Return, word for word, the lines of the listing below from the one with "物件内観写真12　(居室)" through the one with "rauchkuchl-tisch-tafel-jufa-hotel-roethelstein", and no other lines.

**INPUT RECORDS:**
--- START ---
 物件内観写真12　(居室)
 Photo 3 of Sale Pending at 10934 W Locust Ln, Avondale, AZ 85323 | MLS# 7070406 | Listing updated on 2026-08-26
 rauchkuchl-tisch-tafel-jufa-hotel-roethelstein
--- END ---
--- START ---
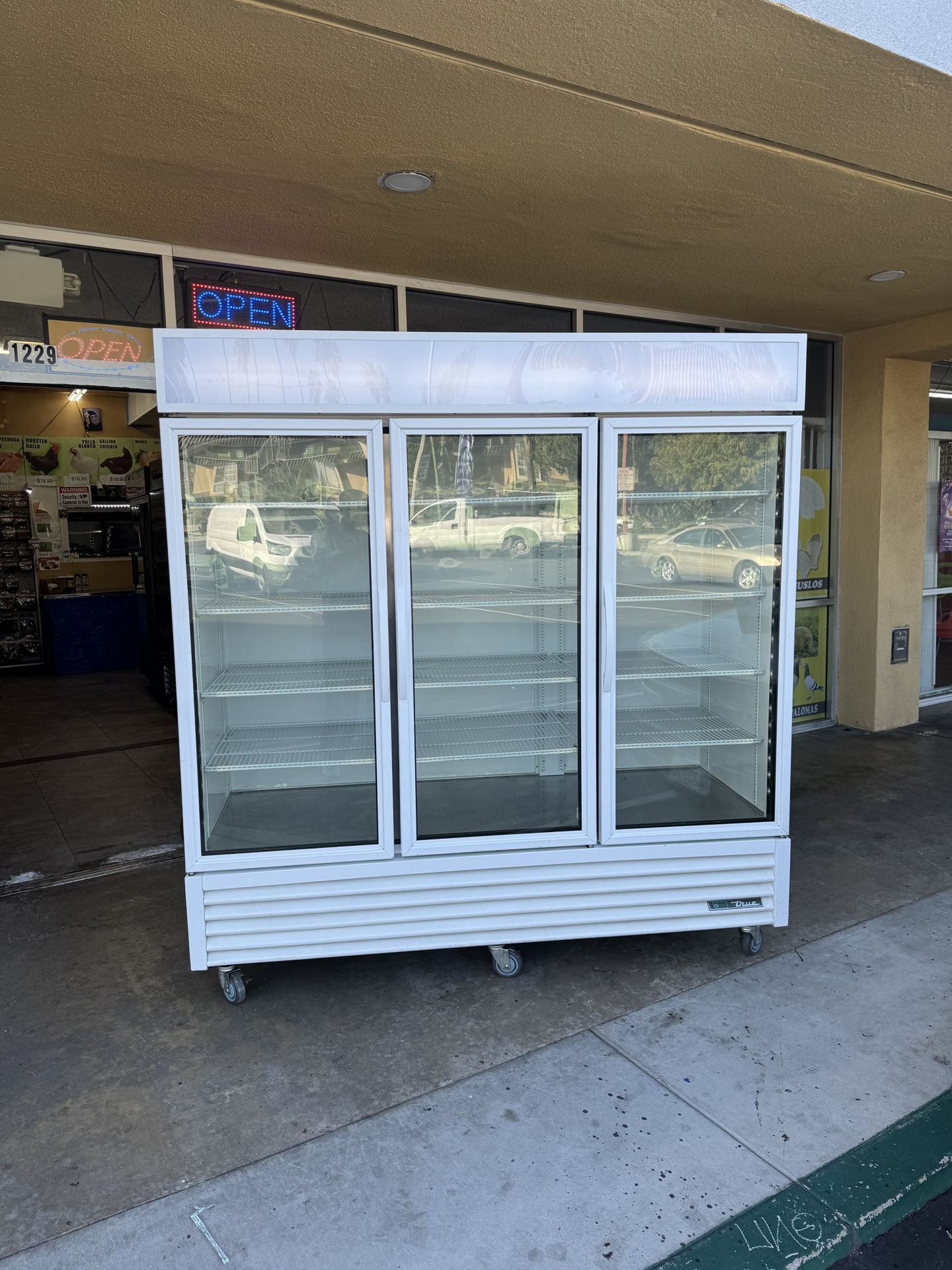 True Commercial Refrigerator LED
--- END ---
**YOUR RESPONSE:**
 物件内観写真12　(居室)
 Photo 3 of Sale Pending at 10934 W Locust Ln, Avondale, AZ 85323 | MLS# 7070406 | Listing updated on 2026-08-26
 rauchkuchl-tisch-tafel-jufa-hotel-roethelstein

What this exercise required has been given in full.